Hotels

ACCC weighs in on Dick Smith’s “extortion” claims against booking sites

The Australian competition watchdog is encouraging Aussies to call hotels, rather than rely on booking sites if they want cheaper rates.

Speaking to the Guardian Australia, Rod Sims, the chairman of the Australian Competition and Consumer Commission, said there’s a “very good chance you’ll get a much better price” if you chose to forgo trawling the booking sites and book direct.

This comes just a week after Dick Smith made a video calling out US accommodation websites for “ripping off” family-owned small accommodation providers in rural or drought affected areas.

Personally, we love any video that starts with “Dick Smith here and I’m bloody angry!”

You can watch the delightful rant here.

In 2016, the ACCC brokered an agreement that lets small hotels give discounts over the phone they can’t give online, thus Smith and Sims’ insistence on jumping on the phone.

The Guardian conducted a survey to test this one out and found that across four capital cities, you can save up to 18 per cent in some states when you book over the phone, compared with Booking.com and Hotels.com.

“Once you find a hotel you want, ring them up,” Sims told the Guardian.

“I can’t guarantee it will happen every time, but I would think in the majority of cases you would get a better deal.”

Richard Munro of Accommodation Association of Australia (AAA) has also joined Smith in calling on consumers to boycott booking sites for “extorting” small businesses.

Smith told the Guardian that some small hotels will lose 50 – 70 per cent of their bookings if they don’t sign up to the sites, which charge commissions of up to 25 per cent.

Sims said its very likely that the sites are hurting Australian businesses, and confirmed the ACCC would look into allowing hotels to advertise cheaper prices online.

“At first they were good. They gave hotels a wider audience than they would otherwise get,” he said.

“But they have become so universal now that a lot of hotels and motels believe that they won’t get any business unless they are signing contracts with these entities.”

Munro said the AAA will call for the ACCC to outlaw price-parity clauses completely.

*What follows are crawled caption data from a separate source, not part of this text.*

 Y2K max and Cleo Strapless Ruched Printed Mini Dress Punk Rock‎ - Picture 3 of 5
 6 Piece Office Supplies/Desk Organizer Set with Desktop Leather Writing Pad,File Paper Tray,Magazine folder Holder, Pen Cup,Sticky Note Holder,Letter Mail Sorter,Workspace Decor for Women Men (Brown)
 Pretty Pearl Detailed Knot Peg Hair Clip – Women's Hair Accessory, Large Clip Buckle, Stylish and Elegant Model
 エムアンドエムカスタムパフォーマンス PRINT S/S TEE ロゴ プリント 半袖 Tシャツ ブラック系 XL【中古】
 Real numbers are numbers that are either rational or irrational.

SEE WHAT PEOPLE ARE SAYING

  • Rob Lennon

    Wouldn’t it be great if the AAA actually did something proactively rather than re-actively …

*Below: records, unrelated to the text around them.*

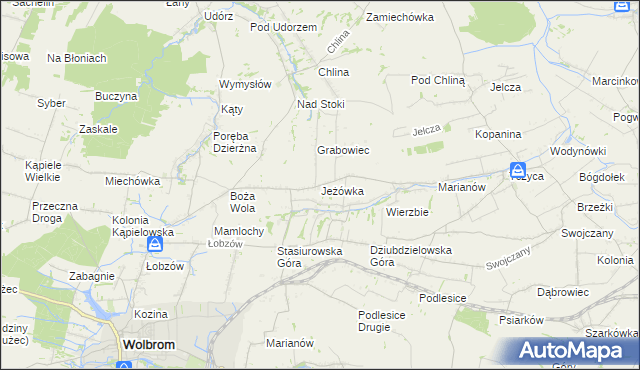 mapa Jeżówka gmina Wolbrom, Jeżówka gmina Wolbrom na mapie Targeo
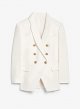 Women's casual pocket office suit jacket with pleated front placket jacket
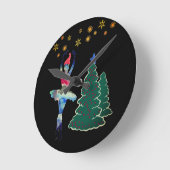 Ballerina Nieuwjaar Rond (Medium) Wandklok (Hoek)
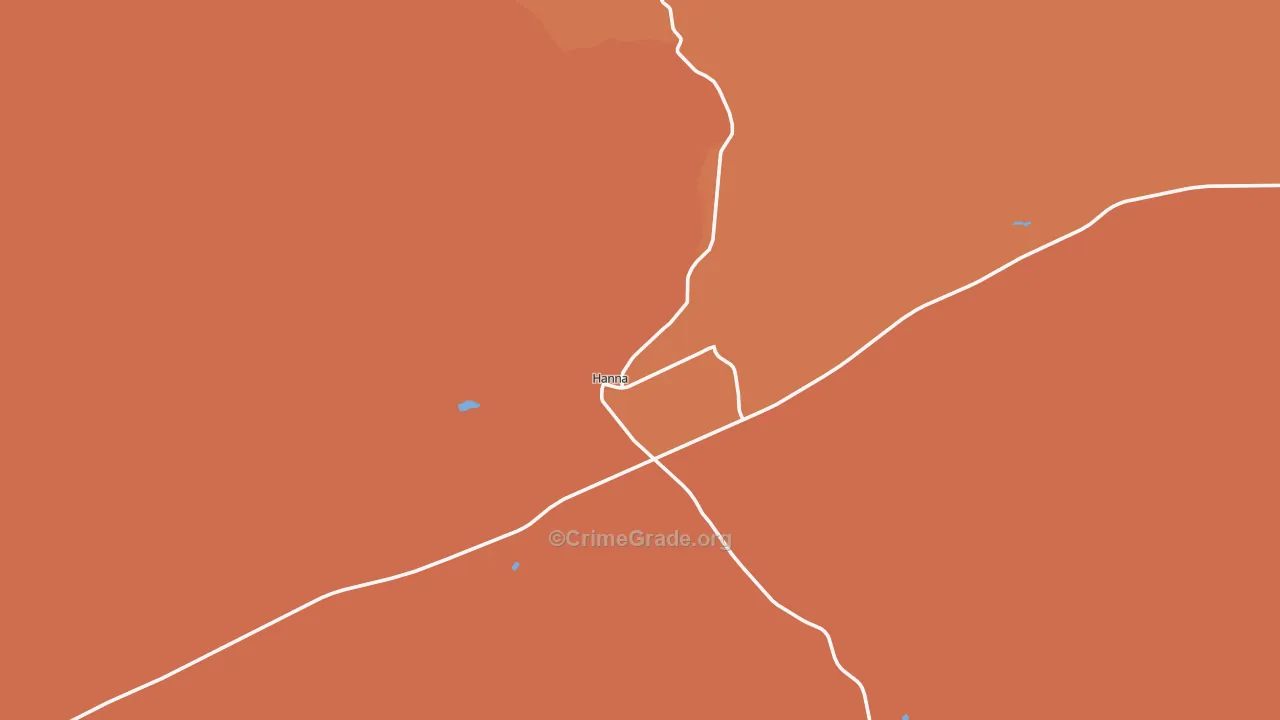 Hanna, WY Map of Murder Rates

    Dick Smith is spot on, and surely this is exactly what the AAA should be doing – a nation-wide campaign extolling to the public why it is best to always book direct (rather than a perpetual running commentary by press release).

  • Mark

    The concentration of market power enjoyed by just 2 major players, in concert with Google’s Adwords virtual monopoly leads to a serious imbalance. The ACCC’s ruling in 2016 simply endorsed price parity clauses.
    Ultimately, the consumer will benefit in terms of more competitive rates if smaller touurism operators are allowed to offer their best pricing in any way they see fit.
    Restricting this to a phone enquiry is archaic, inefficient and for logistical reasons will often not achieve the best rate available to the consumer.
    Once again, the ACCC doesn’t seem to “get it” !

  • go zec

    Dick well done!!! for taking on this battle for Aussie small hoteliers, One thing is guaranteed and always in consumers favour. Lets be smart about it, use these sites to get the best deal, then with googles help find the contact number and call hotel directly they will always match or are cheaper than the booking sites.

  • Julie Bellebabble

    It goes deeper than the commission rates. They try to run your business. I cancelled a booking from a blacklisted guest. Booking.com told me I could not cancel it. After a heated discussion, I was told in future I had to have a police report, send it to them (in the Netherlands) and they would decide whether it was serious enough for me to cancel the reservation! I was gobsmacked. I cancelled the reservation but developed anxiety and insomnia, as I was certain they were going to take me off the platform for my defiance! It would have ruined my business.

  • Ali Coulton

    Hi Julie,

    Sorry to hear that! Would you be willing to have a quick chat with us about your experiences with booking sites? If so, please contact alexandra@travelweekly.com.au

  • Rory

    It is disappointing with how many Australian companies use the sites to book their corporate employees for their stays. Often we are told that even though the corporate customers know by booking direct with the motel they will achieve a lowere rate than advertised,their hands are tied with company policy and procedures which dictates that they must book with a certain booking site. There needs to be a campaign on businesses to do the right thing and support the Australian accommodation industry by booking direct.